The natural gardens teach visitors about the interconnectivity of life and educate gardeners about the importance of using native plants. All are maintained without pesticides or synthetic fertilizers, whose dangers motivated Carson to write her 1962 book "Silent Spring."
The book, a literary bombshell, detailed extensive and alarming research Carson had collected about the effects of chemical pesticides on wildlife.
She visited Hawk Mountain and cited data from migration counts there that showed a decreasing trend in the number of young bald eagles.
"Synthetic pesticides have been recovered from most of the major river systems and even from streams of groundwater flowing unseen through the earth. Residues of these chemicals linger in soil to which they may have been applied a dozen years before. ... They have been found in fish in remote mountain lakes, in earthworms burrowing in soil and in the eggs of birds -- and in man himself," she wrote.
Carson was posthumously awarded the Presidential Medal of Freedom (the highest honor the United States gives to civilians). She was named to Time's "100 People of the Century" in 1999 and was No. 1 on the list of "People Who've Done the Most to Save the Planet," created by the United Kingdom's Environment Agency.
In addition to articles written when she worked for the Bureau of Fisheries, she penned "Under the Sea Wind," "The Sea Around Us," "The Edge of the Sea" and "The Sense of Wonder" (published after her death).
Nevertheless, a surprising number of the homestead's visitors still ask, "So who was Rachel Carson?" according to Fiona Fisher. She leads tours of the house, which is open by appointment only.
What is that legacy? The restoration of species including bald eagles and peregrine falcons. A ban on the use of DDT in the United States and the regulation of other chemical pesticides. The Clean Air Act, the Clean Water Act and the Environmental Protection Agency (all created within the decade after "Silent Spring" was printed). And the beginning of the environmental movement in the United States and abroad.

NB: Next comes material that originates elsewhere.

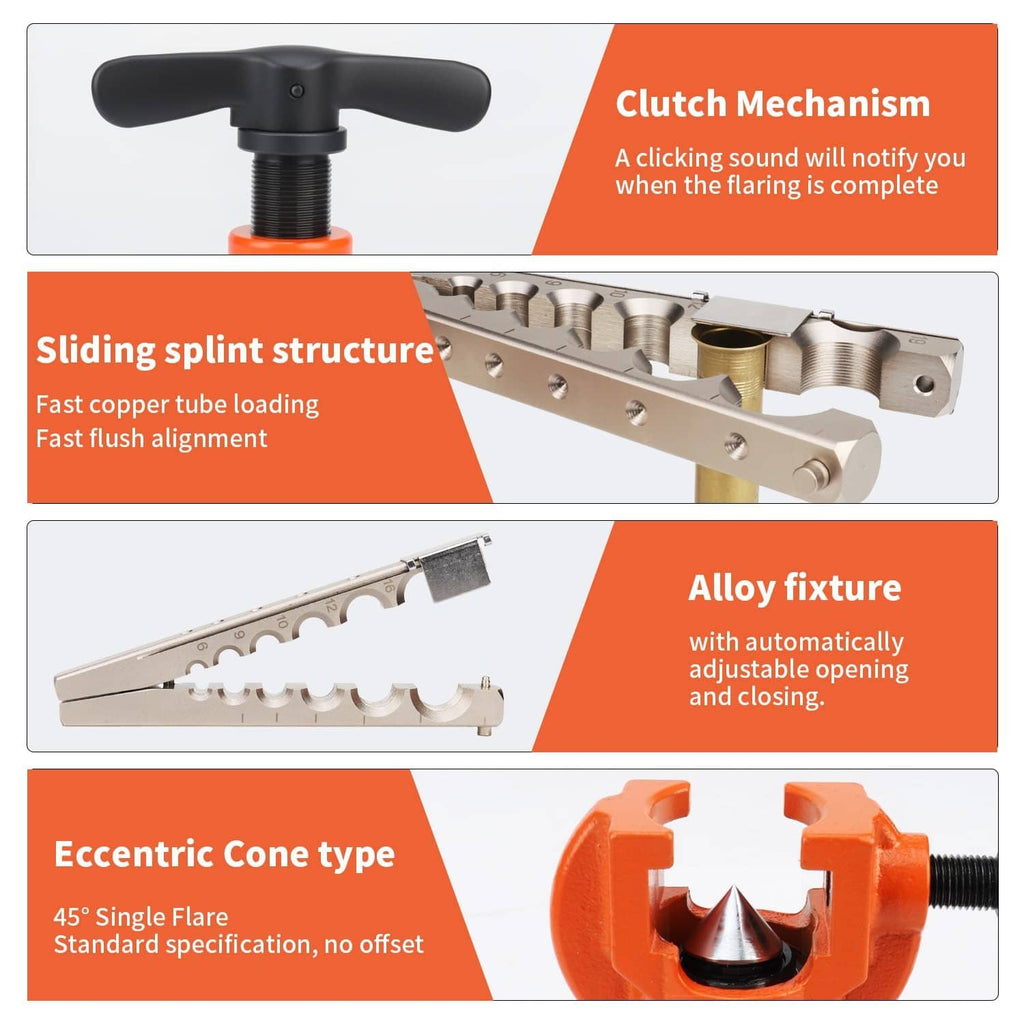 Clutch-style copper flaring tool with orange base and sliding splint fixture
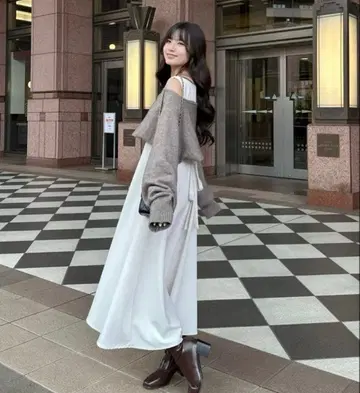 holiday&holiday 오프숄더 니트 롱 원피스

It all began here, on a quiet hillside above the Allegheny River, about 15 miles northeast of Pittsburgh. Carson, the youngest of three children, was schooled by her mother to appreciate nature and explore the family's property, which once included 65 acres of fields, woods and an orchard.
"Because Carson was so important and famous, children expect to hear that she was rich and lived in a grand home," says Fisher.
"Instead, they look around and see her very humble beginnings. The home had no indoor plumbing. The water the family needed was carried from the springhouse. Each room was heated by a small fireplace. And Rachel, her brother and sister probably shared one room."
Rooms are furnished in the style of the times, rather than with the family's actual belongings. But while standing in Rachel's bedroom, it's possible to imagine her peering out her window to plan her next adventure.
At 14, she wrote an account of one exploration called "My Favorite Recreation." Published in a children's magazine, Carson describes "going birds'-nesting -- in the most approved fashion" (with a canteen and lunch, plus a notebook and camera).
She writes about the trail, which "turned aside into deeper woodland and wound up a gently sloping hill, carpeted with fragrant pine needles. ... It was the sort of place that awes you by its majestic silence, interrupted only by the rustling breeze and the distant tinkle of water."
In her ramblings that day, she came upon the nest of the Maryland yellow-throat, "containing four jewel-like eggs" and "came close enough to snap a picture." She also found a bobwhite's tightly packed nest of eggs, the "framework of sticks the cuckoo calls a nest, and the lichen-covered home of the hummingbird."
The home's plantings in the Welcome Meadow, the Springhouse Garden and the Homestead Border convey Carson's messages about the relationships between plants and the earth, plants and other plants and plants and animals to young children, students and adults. As Carson observed, "Nothing in nature exists alone."
The Wild Creatures Nature Trail, which begins behind the house, is an easy 15-minute walk. It encourages parents and children to explore and experience the outdoors together and to help children develop a love of the outdoors.
As walkers complete the trail and pass through the homestead's back yard, they may spot an abandoned bird's nest perched on an old wooden bench. Was it left there by accident? One wonders.
ADVERTISEMENT
ADVERTISEMENT
Stay 3 or more midweek days & your lift & lodging are half-price.
6 Resorts on Leech Lake. All w/large Family Rentals. Top fishing in MN!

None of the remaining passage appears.